[INPUT FOR THIS TASK — start]

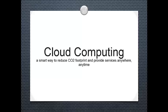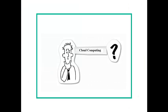Hello everyone. Today we are going to learn about cloud computing, a smart way to reduce CO2 footprint and provide services anywhere and anytime. I know all of you must be wondering what is cloud computing. So let us define cloud computing.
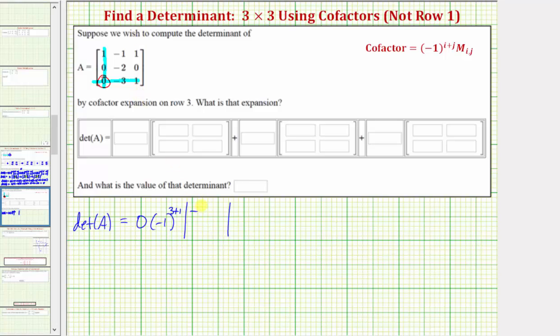So we have negative one, one, negative two, zero. Of course, because of the zero here, this is all going to equal zero, but we do want to show all of our work.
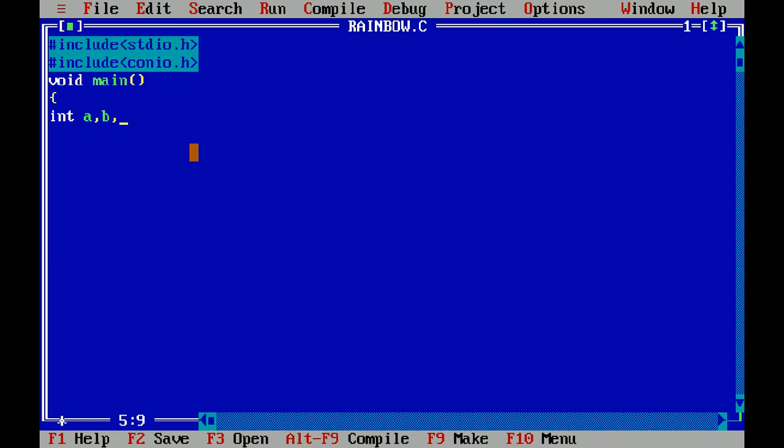Now apply the printf function to print the value or output. Then apply the getch function. At last close the body of the main function with curly braces. Now time for execution of your program.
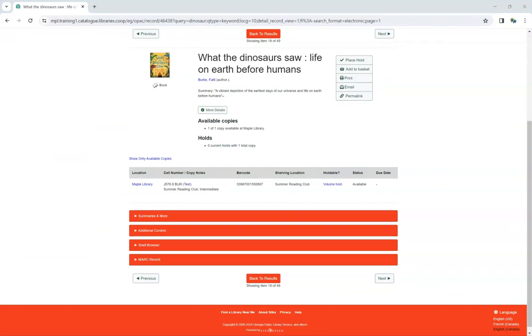If the statistical category is set to be OPAC visible, patrons will see both the statistical category name and the value selected in the Call Number Copy Notes column when viewing a record in the public catalog.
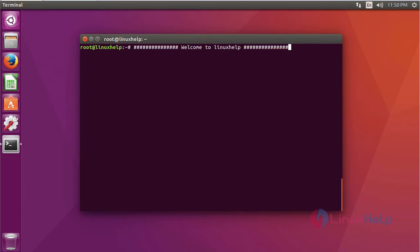Hi friends, welcome to linuxhelp.com. Today we are going to see about Vista control panel. Vista control panel is a browser-based control panel. Now I am going to show you how to install Vista control panel on Ubuntu 16.04.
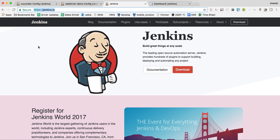In the previous videos, we saw how to create a Cucumber project and run it from the Maven command and from the feature file directly. We also saw how to create TestNG projects and run them from the Maven command line and directly from the TestNG XML. In this session, we are going to see how to create a Jenkins job and make use of the Jenkinsfile.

[INPUT FOR THIS TASK — finish]

#### ACTIVITY
Only the lines from the one containing "Now apply the" through the final line of the data are to be written out, exactly as they stand and without pictures.

#### SOLUTION FOR THIS TASK
Now apply the printf function to print the value or output. Then apply the getch function. At last close the body of the main function with curly braces. Now time for execution of your program.
If the statistical category is set to be OPAC visible, patrons will see both the statistical category name and the value selected in the Call Number Copy Notes column when viewing a record in the public catalog.
Hi friends, welcome to linuxhelp.com. Today we are going to see about Vista control panel. Vista control panel is a browser-based control panel. Now I am going to show you how to install Vista control panel on Ubuntu 16.04.
In the previous videos, we saw how to create a Cucumber project and run it from the Maven command and from the feature file directly. We also saw how to create TestNG projects and run them from the Maven command line and directly from the TestNG XML. In this session, we are going to see how to create a Jenkins job and make use of the Jenkinsfile.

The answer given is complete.